Christophe Joublin, vous êtes président de l’AFLYHT et Directeur délégué au lycée Rainier III de Monaco, rappelez-nous les leviers mis en place par l’Éducation nationale et les chefs d’établissement pour lutter contre ce fléau.
Le levier principal, c’est la prévention et notamment avant le stage de fin d’année, car c’est elle qui facilitera la libération de la parole. Le but de la prévention, c'est de dire à l’élève : "Voilà, il y a des choses que tu es en droit de refuser et que tu dois rapporter à un adulte." Concrètement, cela passe par :
- les modules PSE (Prévention Santé Environnement) qui abordent les risques en entreprise ;
- l’intervention d’associations comme Bondir.e ou de compagnies de théâtre qui aident à la mise en situation et à la libération de la parole ;
- la mise en place de séances parents-écoles ou entreprises-écoles pour impliquer les parents et les entreprises dans la démarche.
Ensuite, pendant le stage, c’est la confiance entre le professeur-référent et l’élève qui permettra à la parole de se libérer. Et pour qu’elle se libère, l’élève ne doit pas avoir peur des conséquences à l’école ou en entreprise.
Enfin après le stage, l’élève a l’occasion de dire les choses à travers un questionnaire.
Malgré tout, preuve est de constater qu’il y a encore des dysfonctionnements…

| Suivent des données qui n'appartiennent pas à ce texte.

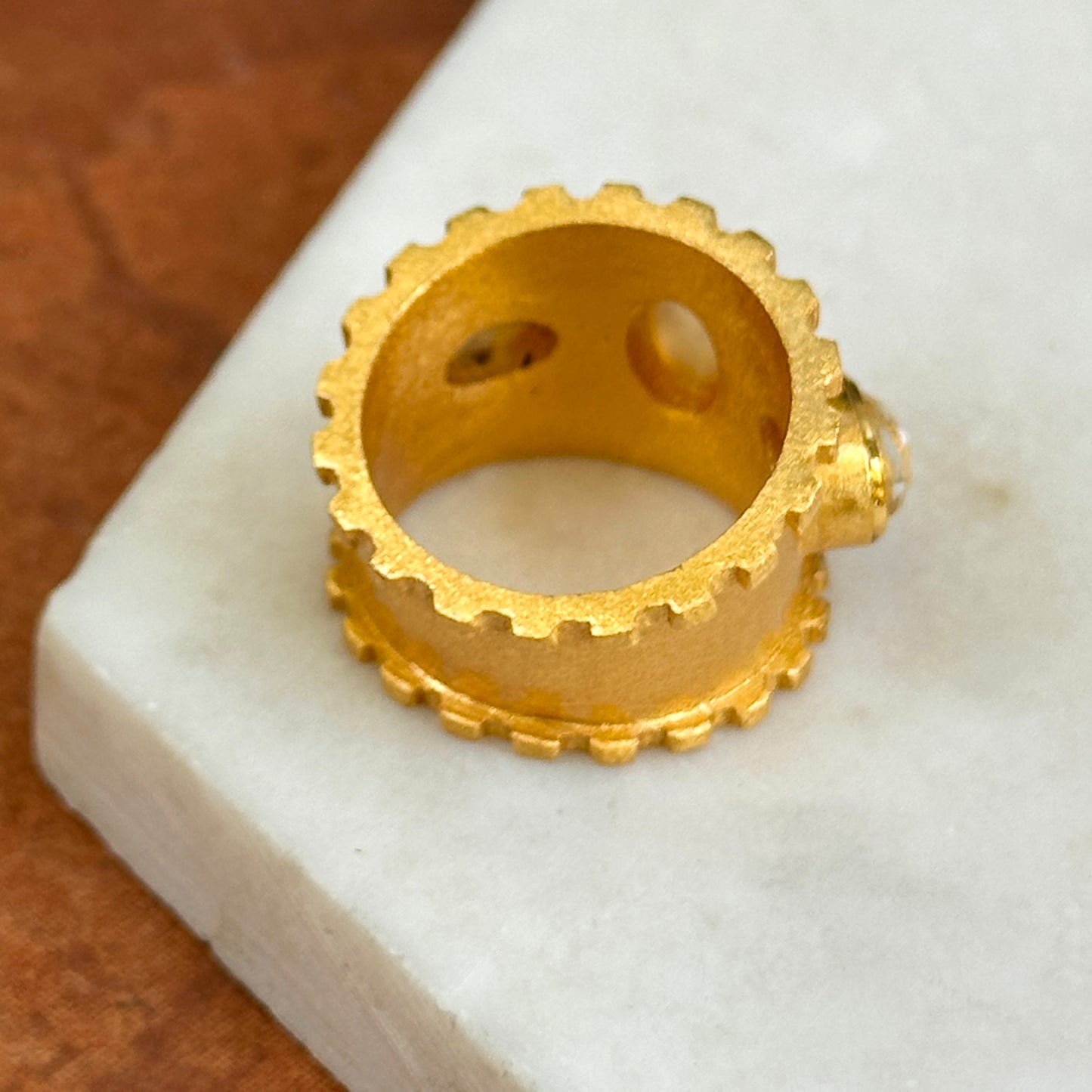 Yellow Gold-Plated Oval Mother of Pearl Byzantine Ring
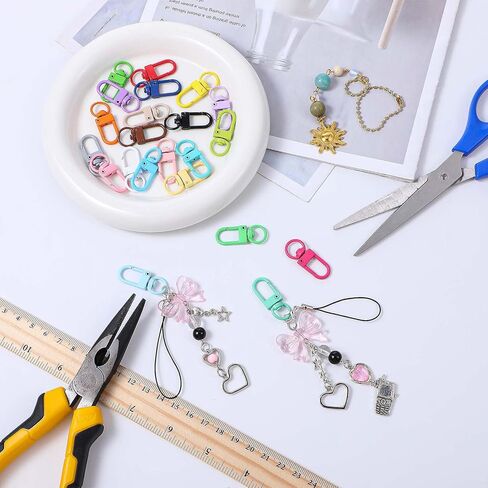44 PCS مشابك ملونة لوبستر مخلب ، ملون دوار دوارة السنانير السنانير دوار حبل الزناد حزام خط السنانير لسلاسل المفاتيح المجوهر in Saudi Arabia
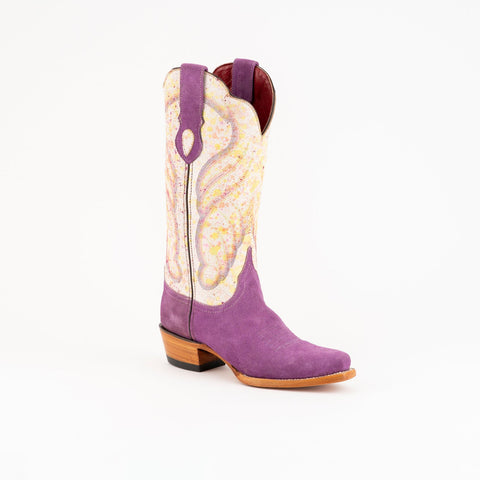 Ferrini Womens Purple Leather Candy V-Toe 13in Cowboy Boots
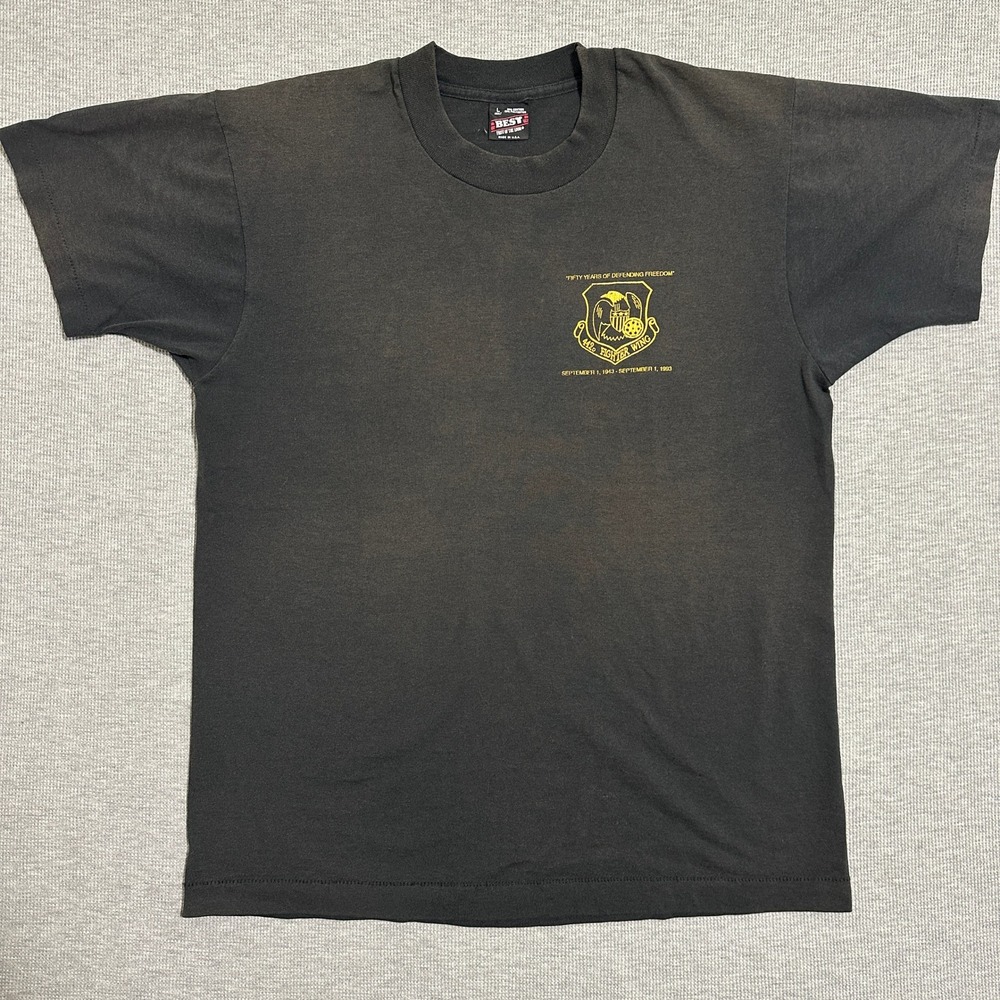 Vintage 1993 142 Fighter Wing 50th Anniversary Graphic Tee USA Faded Black Large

Effectivement la société est ce qu’elle est. Parfois la parole ne se libère pas, ou se libère trop tard, et les dégâts sont déjà à l'œuvre. Ensuite la réaction adéquate de la part de tous ceux qui ont la responsabilité de l’élève, c’est la tolérance zéro. Pourquoi ? Parce que c’est la réaction qui place le bien-être de l’élève au sommet des priorités. Un élève qui, de surcroît, est le plus souvent mineur.
Quels sont les freins à la tolérance zéro que vous avez observés ?

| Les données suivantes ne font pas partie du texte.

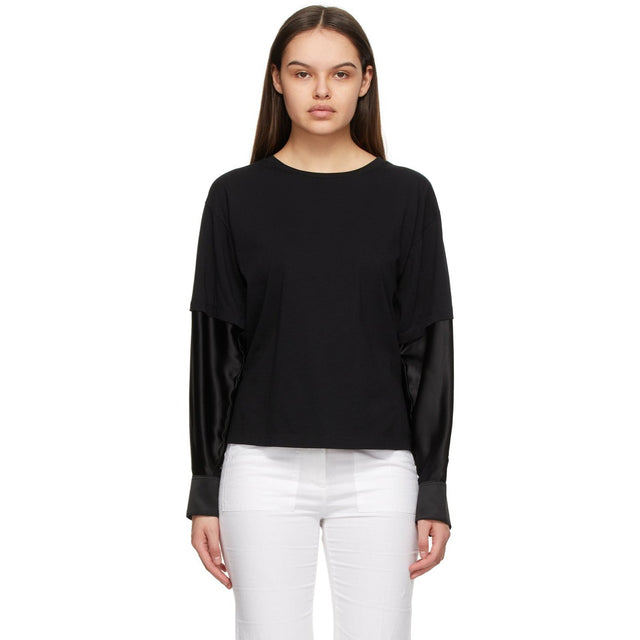 MM6 Maison Margiela Black Double Layer Long Sleeve T-Shirt - MM6 MAISON MARGIELA T-shirt à manches longues à double couche noire - MM6 Maison Margiela 블랙 더블 레이어 긴 소매 티셔츠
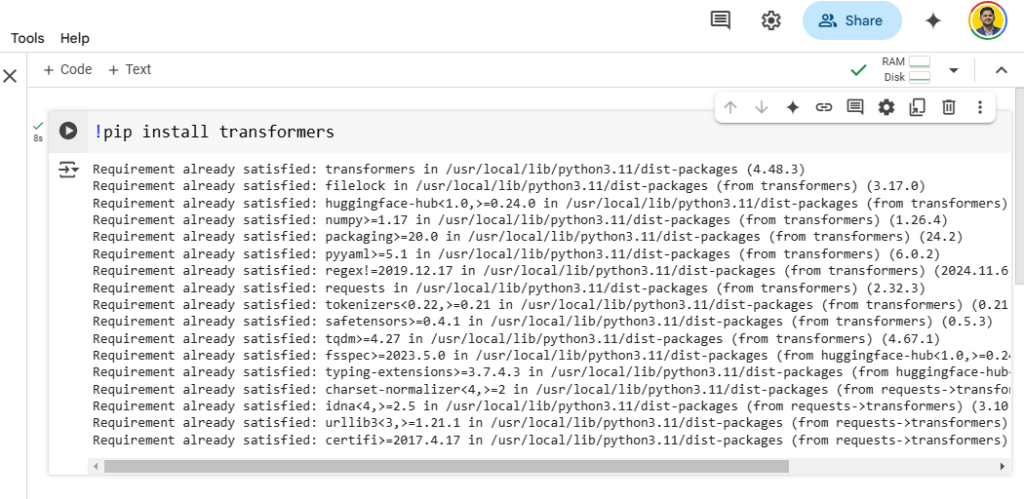 Install the Tranformers library of Hugging Face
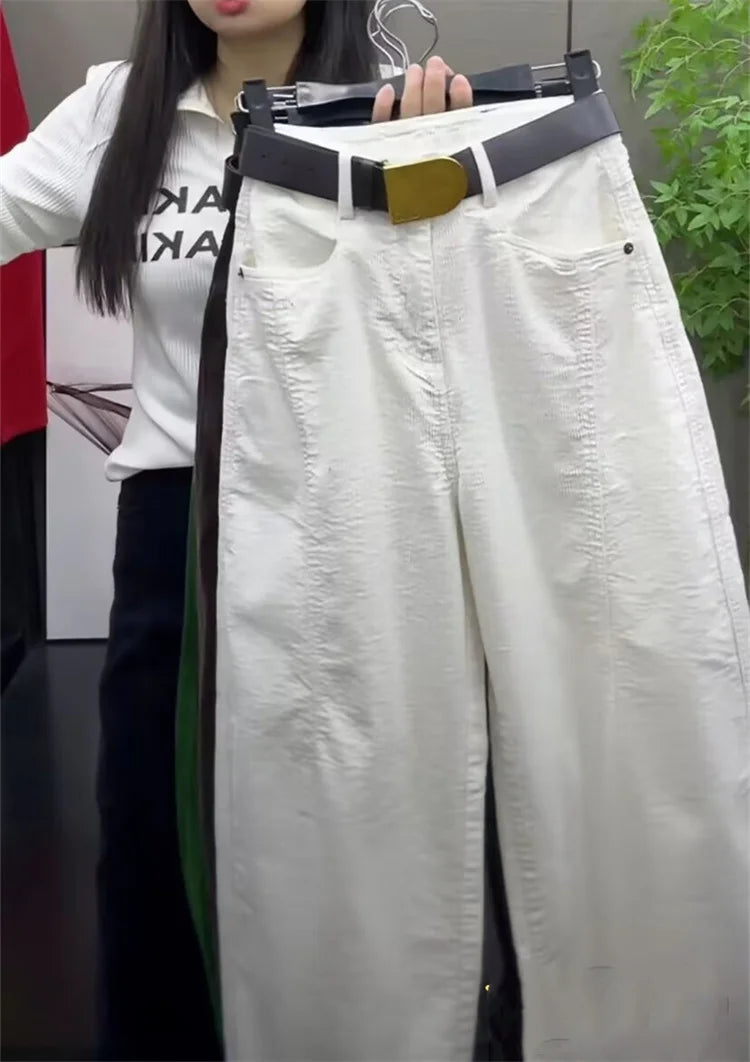 High Waist Cotton Corduroy Harlan Pants Slim Fit Casual Nine Point Knife  Straight Leg Crop Leisure Long Trousers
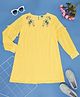 YU by Pantaloons Full Sleeves Floral Embroidered Dress - Yellow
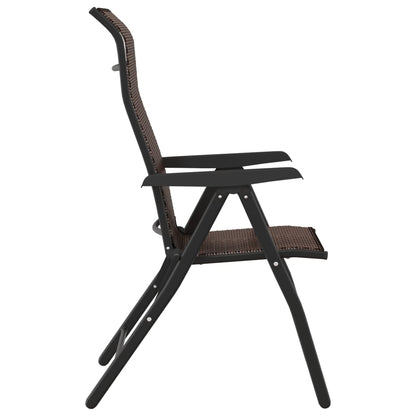 vidaXL Folding Chairs 4 pcs Brown Poly Rattan
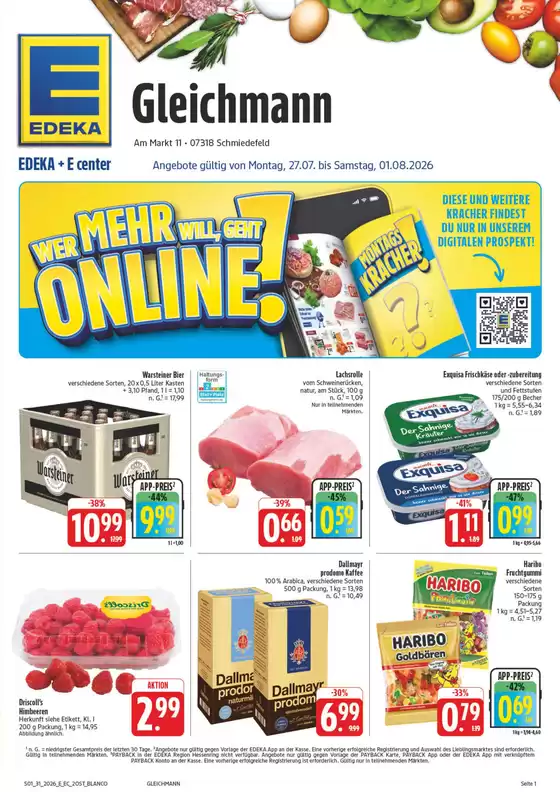 EDEKA Prospekt in Schmiedefeld | NativeX EDEKA Nordbayern KW31 | 2026-07-26T00:00:00.000Z - 2026-08-01T00:00:00.000Z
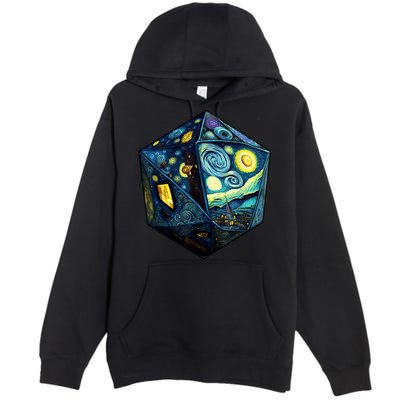 D20 Dice Art Van Gogh Starry Night Cool Realistic D20 Dice Premium Pullover Hoodie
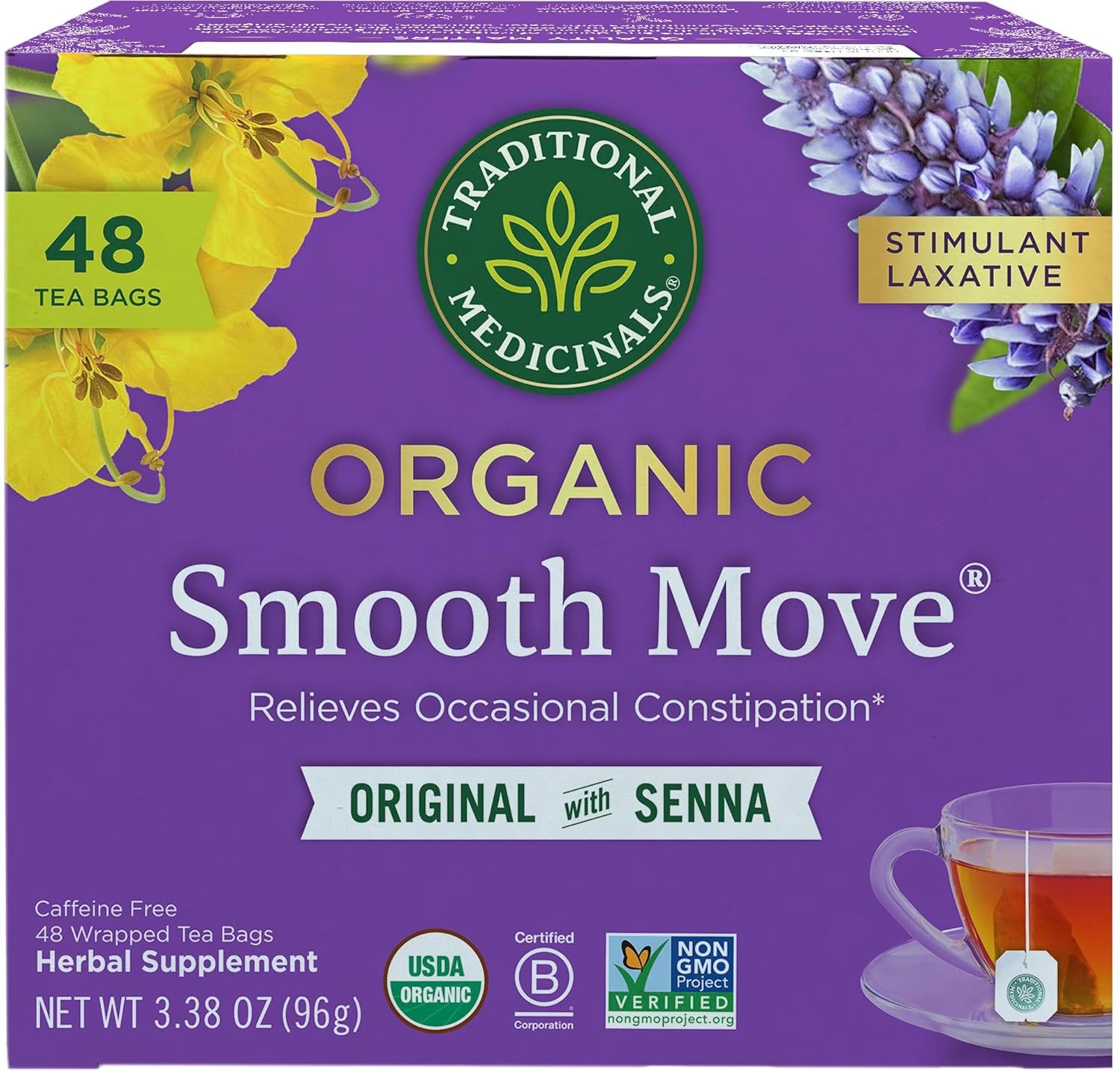 Traditional Medicinals Organic, Smooth Move Tea, Original with Senna – Helps Relieve Constipation Overnight – Kosher, Non-GMO, Caffeine-Free – 48 Tea Bags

Tout le monde ne partage pas cette vision des choses et est plus ou moins tolérant. Je vous donne quelques exemples :
- Un stagiaire est confronté à quelqu’un dont le comportement est déviant. Pourquoi le chef d’entreprise déplace-t-il le stagiaire dans un autre service plutôt que de sanctionner son salarié ?
- J’ai été confronté à des parents qui n’avaient rien à redire aux horaires impossibles de leur enfant mineur. Ou encore des parents qui laissaient le chef d’établissement scolaire accompagner l’élève à leur place au commissariat.
- Pour ce qui est des actions en justice, cela pèche aussi du côté des établissements scolaires. Ces actions en justice ont des conséquences, le chef d’établissement a une hiérarchie, l’hôtellerie-restauration a un poids économique, une image…
Comment procédez-vous quand vous avez un doute sur le comportement d’un employeur ?
La priorité, comme je le disais, c’est le bien-être de l’élève. Donc première chose, l’élève quitte l’entreprise. On évalue et on trouve des solutions dans un deuxième temps.
Qu’attendez-vous des entreprises qui reçoivent vos élèves ?
Je regrette d’avoir à le dire. Qu’elles respectent la convention de stage, qu’elles respectent la loi.
Il y a presque 40 ans, c’était vous qui étiez à la place du stagiaire. Avez-vous l’impression que les élèves se sentent aujourd’hui plus entendus qu’autrefois ?
Je pense qu’effectivement il y a de plus en plus de chefs d’établissements scolaires dont c’est la priorité, qui sont courageux et conscients du mal qui peut être fait à un individu.